Segment Start: RAW DATA

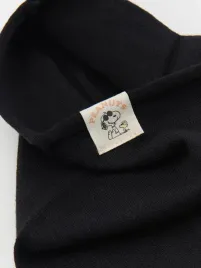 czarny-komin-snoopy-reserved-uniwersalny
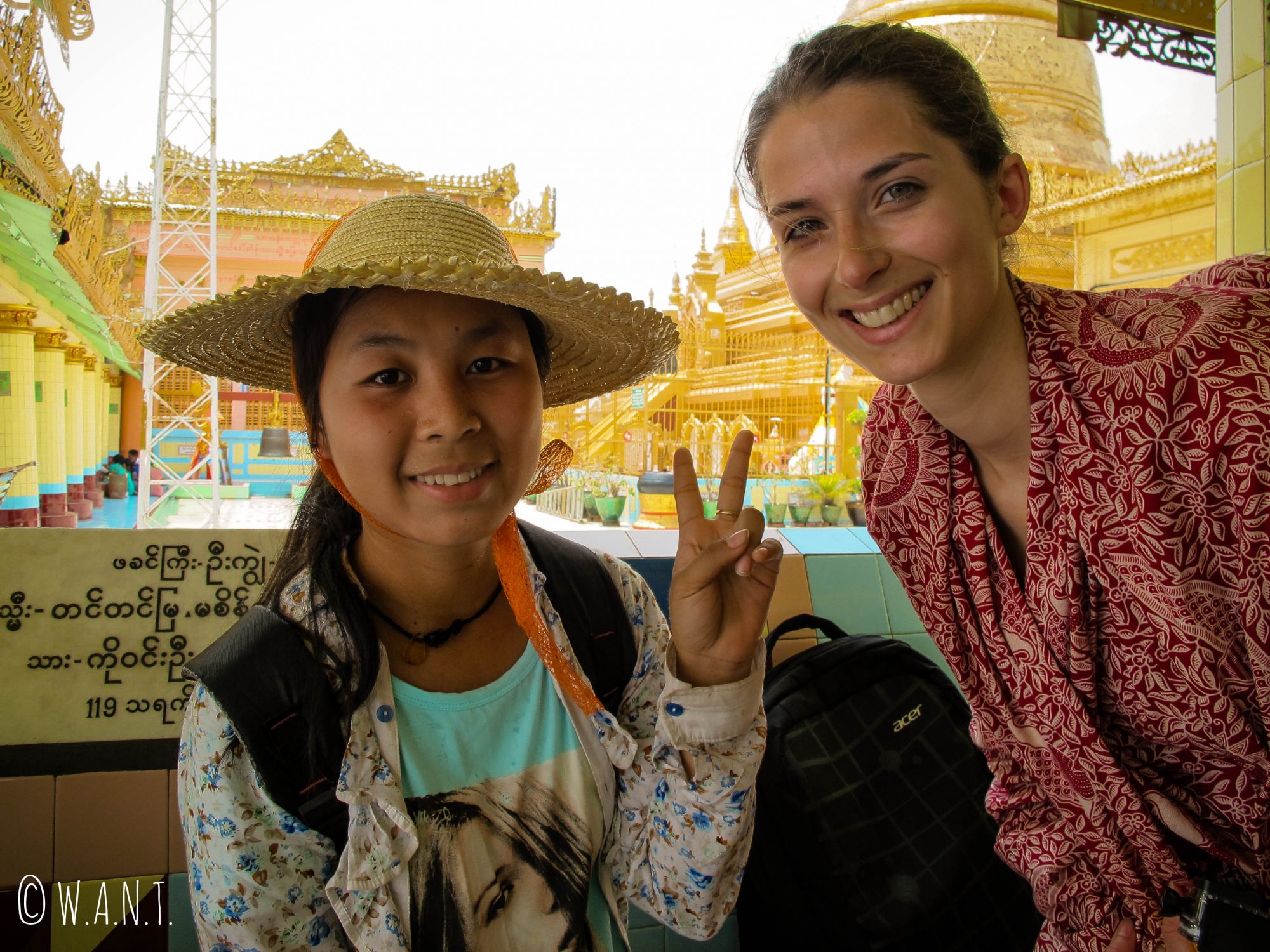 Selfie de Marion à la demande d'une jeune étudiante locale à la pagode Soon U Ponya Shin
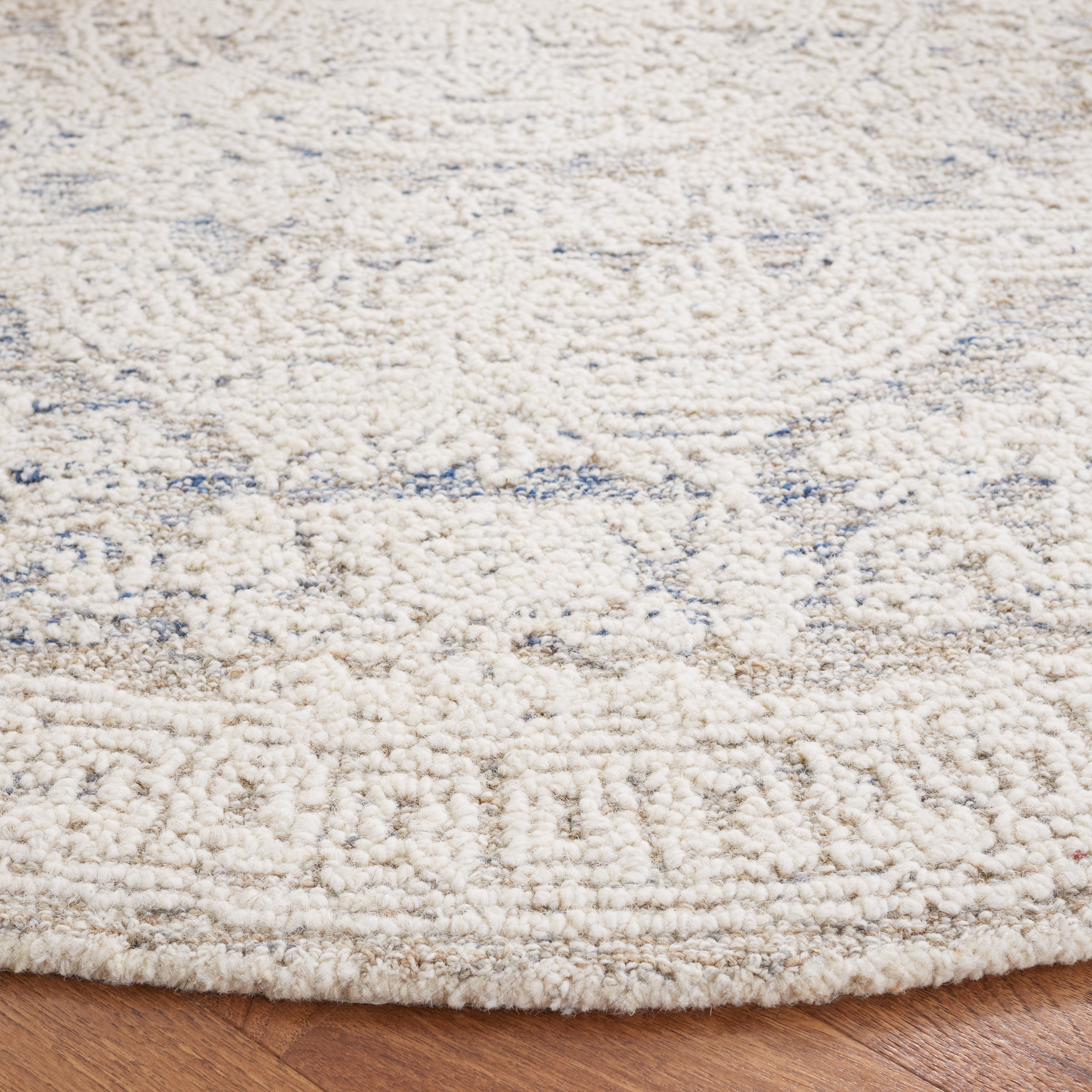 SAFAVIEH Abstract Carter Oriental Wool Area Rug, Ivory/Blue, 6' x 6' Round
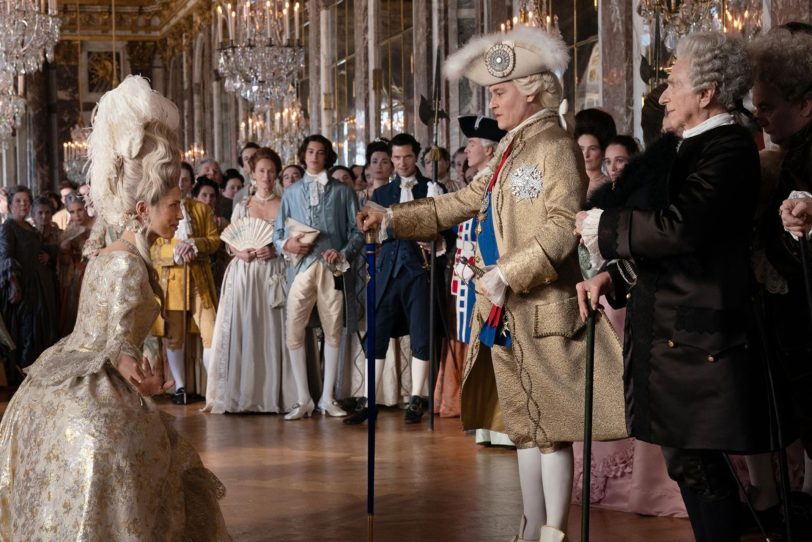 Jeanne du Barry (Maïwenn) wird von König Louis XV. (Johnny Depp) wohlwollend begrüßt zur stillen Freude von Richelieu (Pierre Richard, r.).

Segment End: RAW DATA
Segment Start: RAW DATA

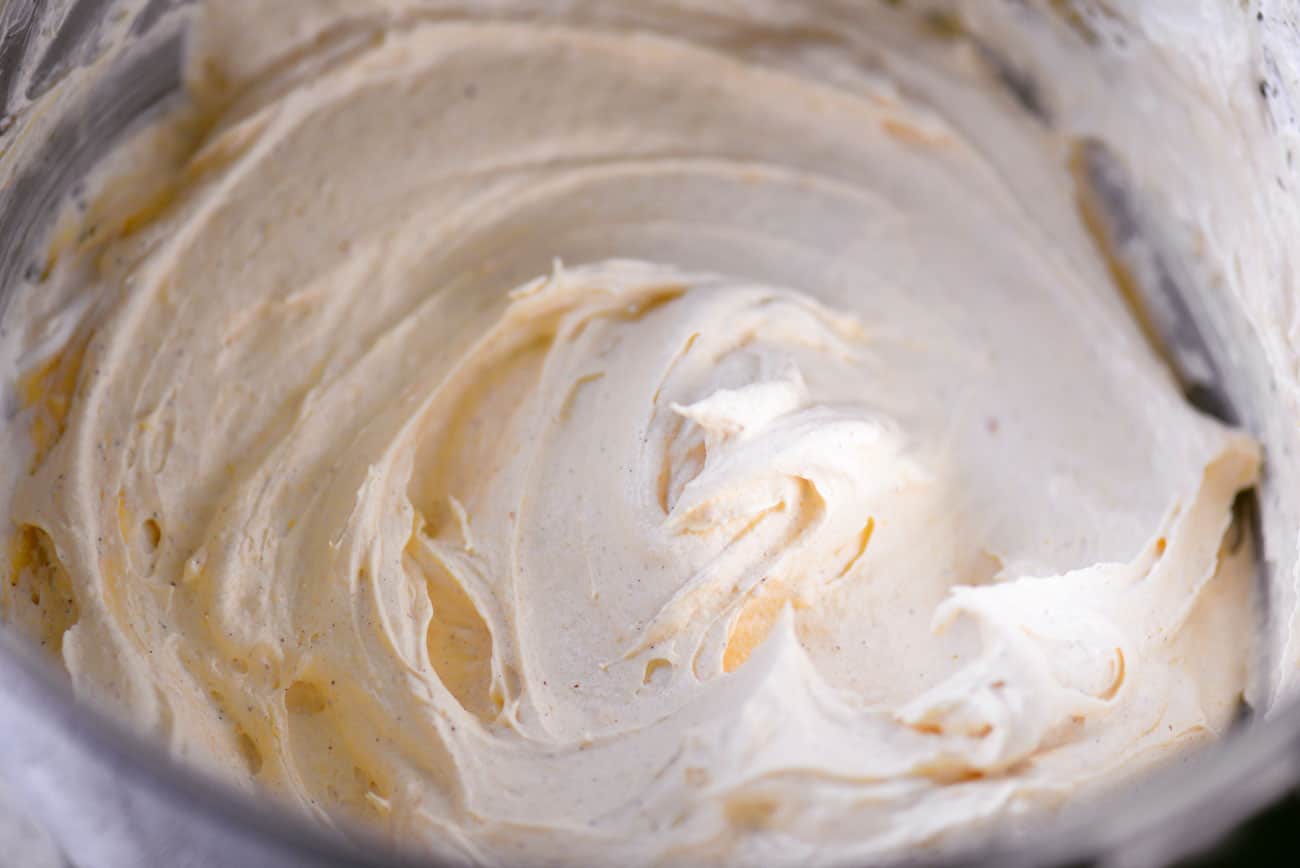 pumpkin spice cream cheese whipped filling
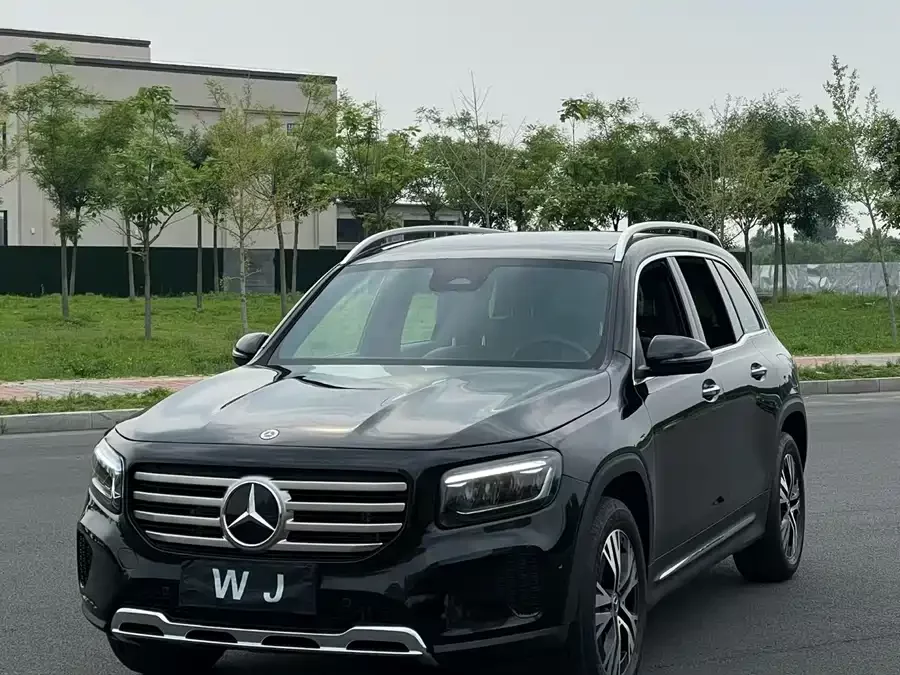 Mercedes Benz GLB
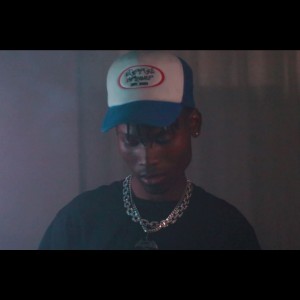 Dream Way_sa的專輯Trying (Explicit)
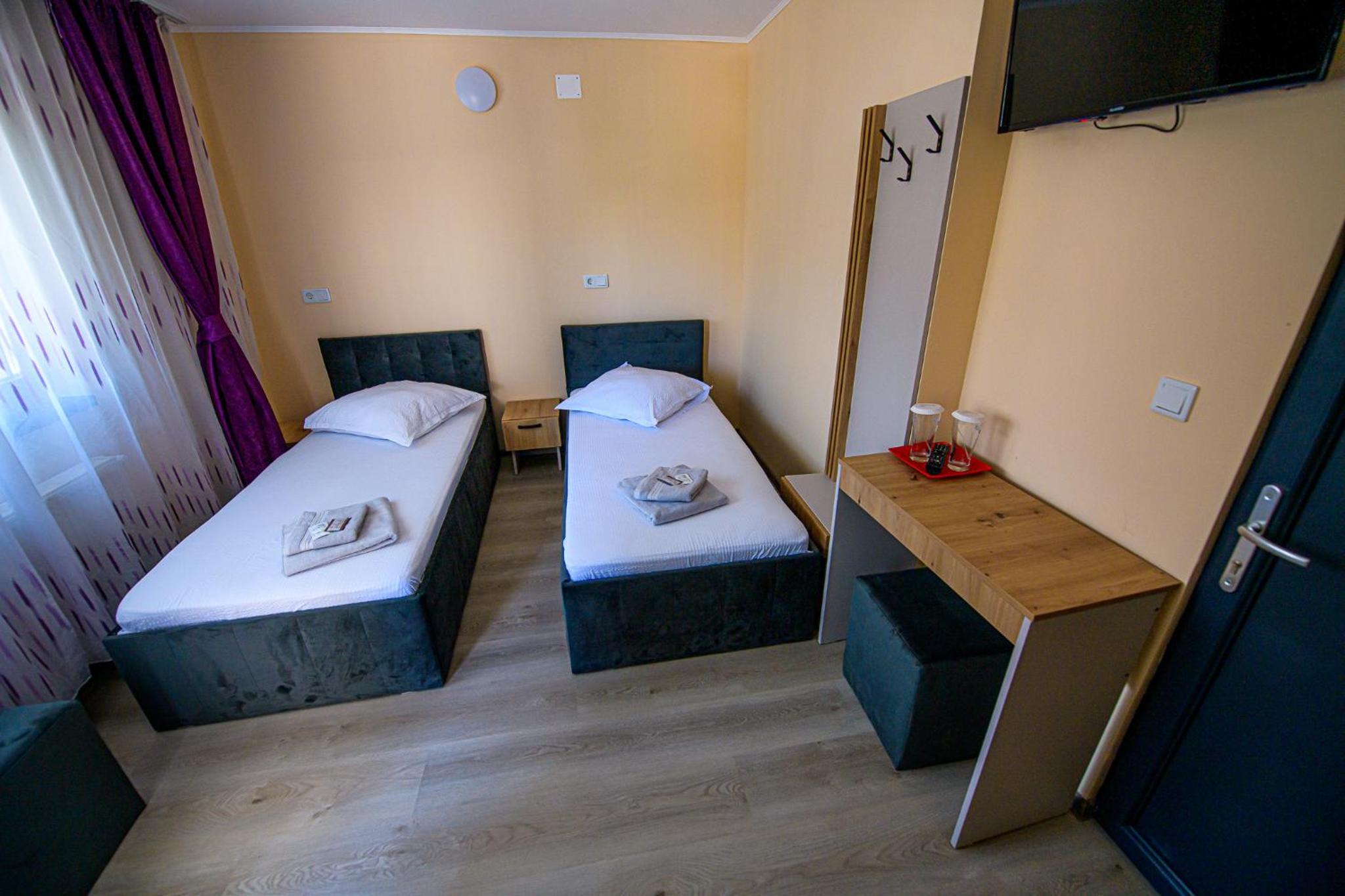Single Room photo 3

Segment End: RAW DATA

Extract from the material above the stretch running from the line containing "czarny-komin-snoopy-reserved-uniwersalny" through the line containing "Jeanne du Barry". Keep the text exact and the pictures out.

OUTPUT OF THE TASK
 czarny-komin-snoopy-reserved-uniwersalny
 Selfie de Marion à la demande d'une jeune étudiante locale à la pagode Soon U Ponya Shin
 SAFAVIEH Abstract Carter Oriental Wool Area Rug, Ivory/Blue, 6' x 6' Round
 Jeanne du Barry (Maïwenn) wird von König Louis XV. (Johnny Depp) wohlwollend begrüßt zur stillen Freude von Richelieu (Pierre Richard, r.).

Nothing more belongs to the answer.